The four officers were cleared of murder and other charges in a state criminal trial last year. Amadou Diallo, 22, died in a hail of 41 bullets in what the officers all testified was a tragic error. 

The federal source, speaking on condition of anonymity, told The Associated Press that the decision was pending formal notification of the Diallo family, which was meeting with U.S. Attorney Mary Jo White. 

The Diallo family, along with many of their supporters, had hoped for a federal civil rights prosecution of the officers.  

Diallo was black, and the four undercover officers were white in the Feb. 4, 1999, shooting that exacerbated racial tensions in the city. 

The Diallo family still has a $61 million civil suit against the city, its last legal recourse in the case.  

Diallo was shot when he reached for his wallet; the officers said they believed he was reaching for a gun. 

White’s office proposed the meeting after Robert Conason, the attorney for the victim’s mother Kadiatou Diallo, sent a letter to Deputy Attorney General Eric Holder blasting Justice Department officials. 

“The seeming lack of courage displayed by the failure to either seek an indictment or formally close the investigation could only be taken ... as an example of politics at its worst,” Conason wrote in an excerpt printed in the New York Post, which initially reported the decision not to prosecute the officers on its Web site. 

All of the officers acquitted last year – Kenneth Boss, Sean Carroll, Edward McMellon and Richard Murphy – remain on the force. They were searching for a rape suspect when they stopped Diallo outside his home. 
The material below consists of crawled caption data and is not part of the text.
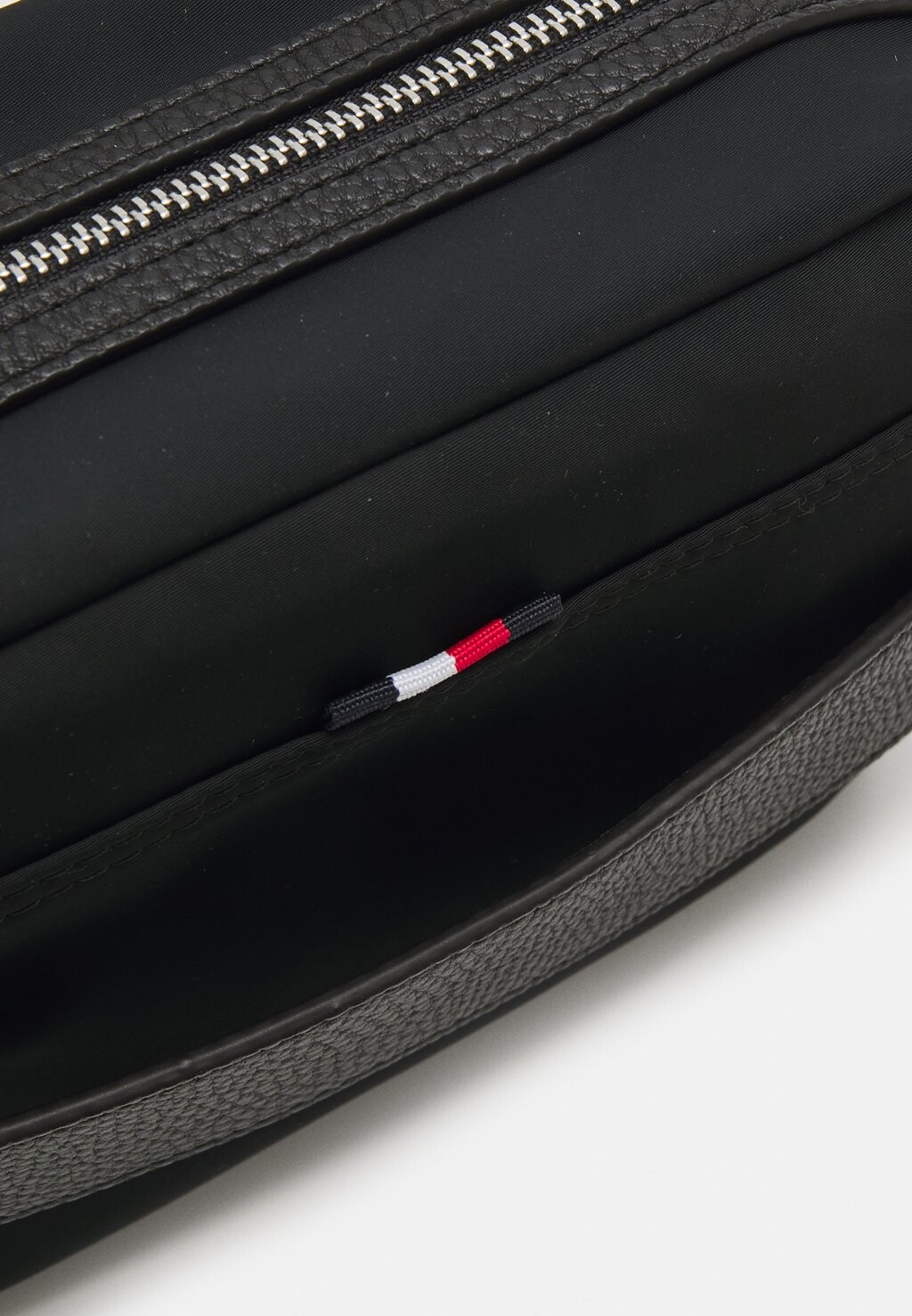 

Косметичка Functional Washbag Unisex Tommy Hilfiger, черный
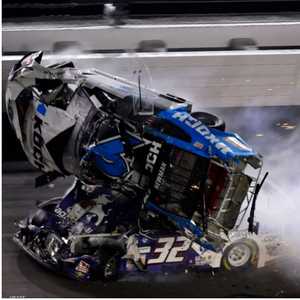 ترامب كان حاضرا قبل ساعات من الحادث المؤلم (يسار)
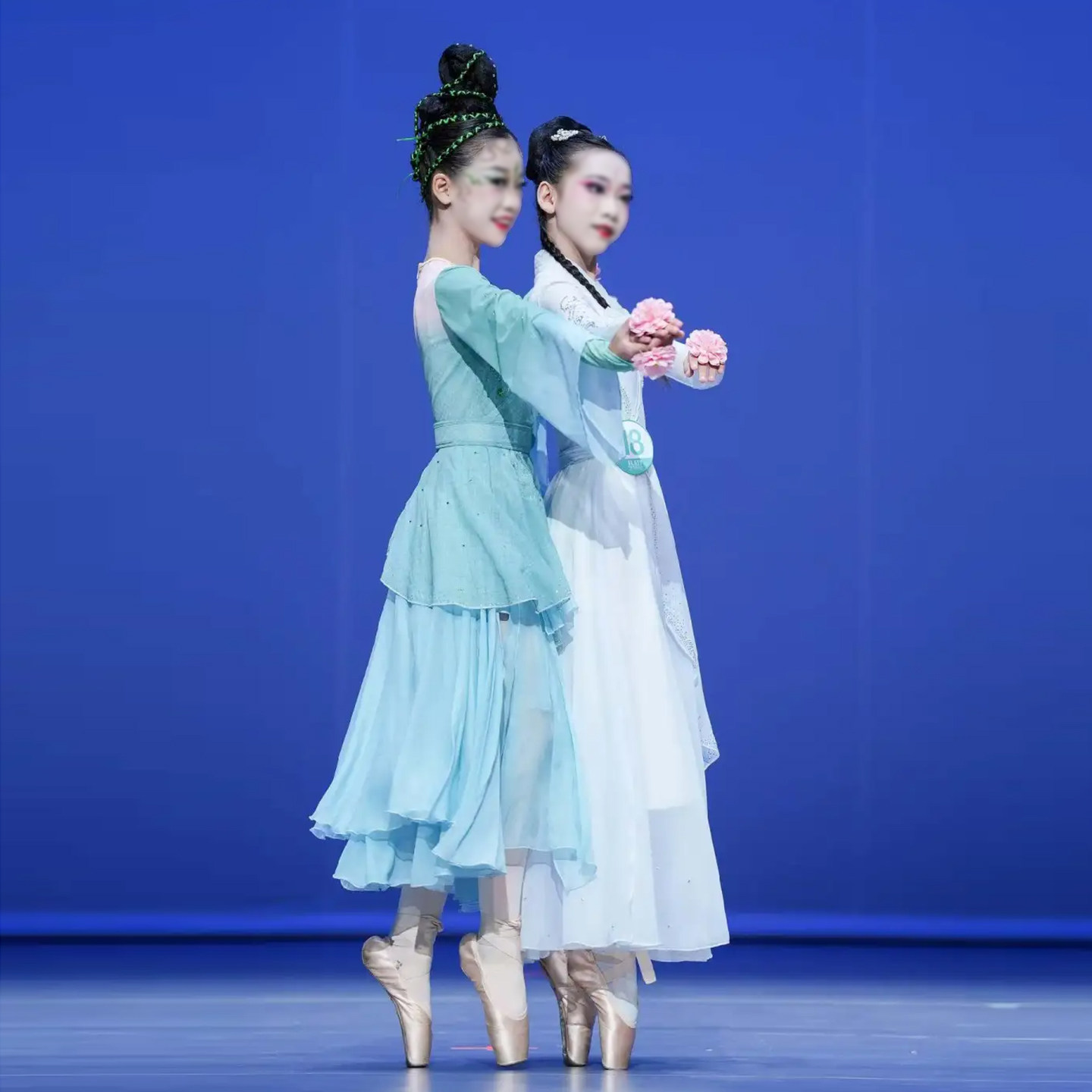 新款女子古典舞白蛇传演出服定制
Federal civil rights prosecutions following state acquittals are extremely rare.  

In the Diallo case, authorities would have required proof that the officers violated Diallo’s civil rights by intentionally using excessive force. 

In the state trial, the officers argued they fired in self defense, believing that Diallo was about to pull a weapon on them. 

The officers were members of the NYPD’s Street Crime Unit at the time of the shooting. They were driving around the Bronx in an unmarked car and wearing plainclothes when they spotted Diallo. 

Shortly after Diallo’s death, White announced her office had begun the civil rights probe. 

White’s office also has a separate, broader investigation under way into police training and practices, especially by the Street Crime Unit. 

The Diallo family, in its civil lawsuit, claims the officers used unnecessary force to deprive their son “his right to life.” 

It also charges the shooting resulted from racial profiling sanctioned by the police department, including stopping and frisking black males without justification.